RICERCHE - La storia di Sarah è un rompicapo, diventa l'enigma di fine estate. Cominciano le ricerche nei campi, nelle cisterne, nei casolari. Spuntano due testimoni che l'hanno vista quel 26 agosto attraversare via Kennedy, la strada grande che porta al mare; testimonianza fondamentale perché il percorso della sparizione si dimezza, Sarah è scomparsa tra via Sanzio e via Deledda dove l'aspettava Sabrina: nemmeno duecento metri. Mamma Concetta apre la porta della casetta azzurra in Vico Secondo Verdi a tutti i cronisti, tutte le telecamere, a chiunque bussi, nella speranza di ottenere un aiuto, con la paura che l'attenzione cada e Sarah sia dimenticata. Si fruga nella vita e nella stanza, nei cassetti e tra i poster di questa ragazzina di cui, nei primi giorni, viene delineato dalla cugina e dagli amici un ritratto angelicato e inverosimile: non accettava passaggi in auto, era timidissima, non aveva il computer e quasi non conosceva Internet. Quando salta fuori che Sarah è una ragazzina normalissima, con le sue cotte, con i suoi profili segreti su Facebook, con le agende in cui racconta quanta voglia abbia di piantare in asso paesello e famiglia, allora c'è chi strilla alla scoperta giornalistica. In realtà non s'è scoperto ancora nulla, il mistero di Sarah, nella sua banalità, sembra impenetrabile.
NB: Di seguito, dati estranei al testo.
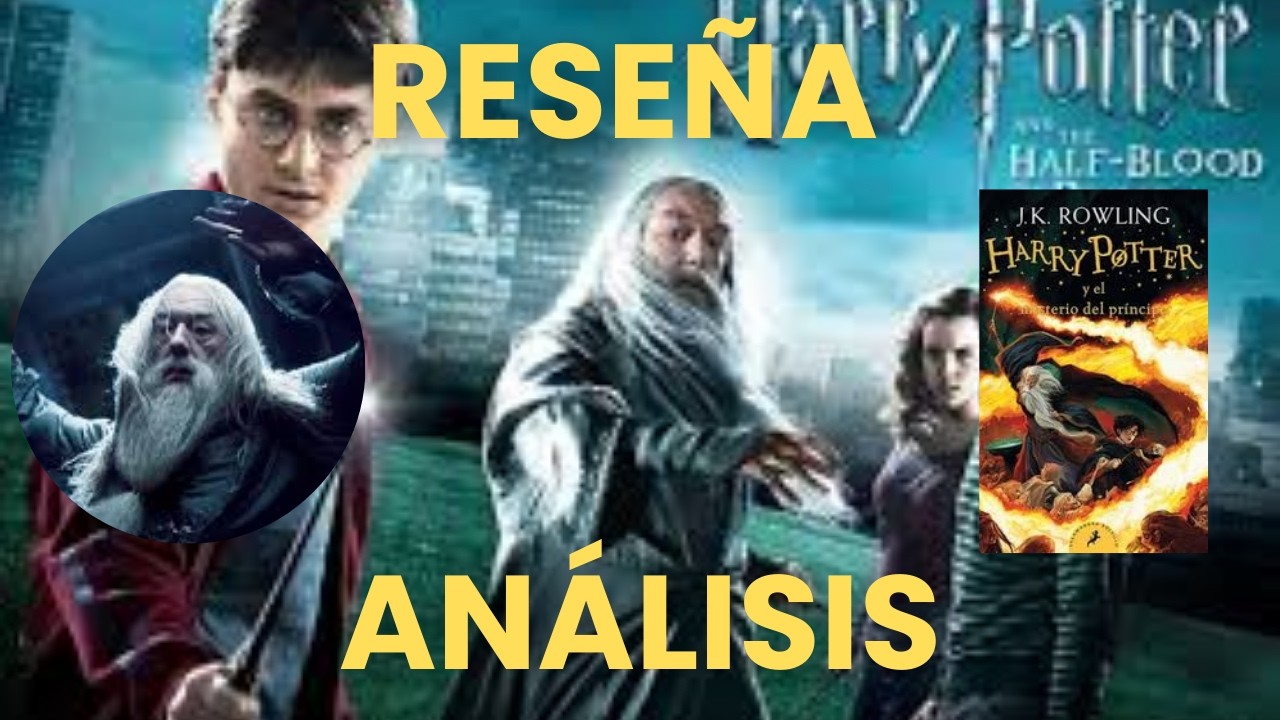 Leí Harry Potter y el Misterio del Príncipe | Malfoy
PISTE - Come in ogni rompicapo quando non si trova via d'uscita, a rischiare grosso c'è sempre il capro espiatorio. Dall'inizio spunta la pista romena, l'auto nera e misteriosa. In casa Scazzi c'è davvero una romena, Maria, la badante del papà adottivo di Concetta che ormai è in fin di vita (morirà a settembre e avrà un funerale affollato di telecamere che mai avrebbe immaginato). Quando Concetta si rivolge prima al Tg2 e poi a La vita in diretta e dice «indagate su di noi, su chi era in casa, sulla famiglia», tutti volgono gli occhi verso Maria la romena e il fratello che è venuto a trovarla a luglio. In realtà la mamma di Sarah, che è una donna emotivamente piena di problemi, sta dando, a modo suo, un'indicazione precisa. Forse sa qualcosa, forse ha intuito. Nessuno la capisce.
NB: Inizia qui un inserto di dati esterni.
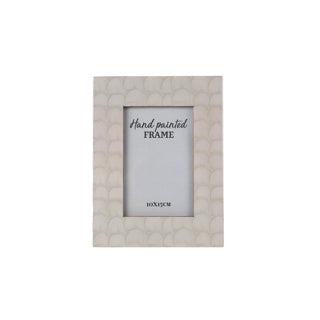 Fotolijst Masie (10x15) hout/emaille 16x21,5x1cm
CELLULARE - Qualcosa si comincia a capire quando salta fuori, dopo 35 giorni, il cellulare della figlia. A sette chilometri da Avetrana, lungo la strada per Nardò, in un campo. Lo trova zio Michele. Finora, su questo set permanente in cui s'è trasformato dall'inizio l'enigma di Avetrana, Michele Misseri è rimasto nell'ombra, un'ombra sfuggente che passa nel giardino di via Deledda mentre le donne di famiglia recitano da protagoniste. Ora i riflettori gli si accendono addosso: perché le probabilità che proprio lo zio di Sarah, proprio il papà di Sabrina, trovi dopo più d'un mese in mezzo a un campo il cellulare della nipote (senza scheda sim e senza batteria) sono pari a quelle di fare tredici al totocalcio. «Stavo bruciando le stoppie, era come se Sarah mi stesse chiamando», dice lui, prima ai carabinieri, poi alle telecamere. «Ero tornato a cercare un cacciavite e ho trovato il cellulare...», ripete, piangendo. Ma quel cellulare, troppo integro per star lì da 35 giorni, è un atto d'accusa, non può essere un caso. «Era come se Sarah mi stesse chiamando», dice lui ai cronisti, e forse ha già voglia di svelare di più: «Me la rivedo ancora qui in cantina, Sarah», dice una sera alle tv, e piange. Gli dicono: dai, Michele, faccela vedere la cantina. «Magari un'altra volta», dice lui, mentre Valentina, la figlia grande, lo trascina via: «Basta, papà, basta». Ormai è questione di giorni, di ore. Tutto è successo lì sotto.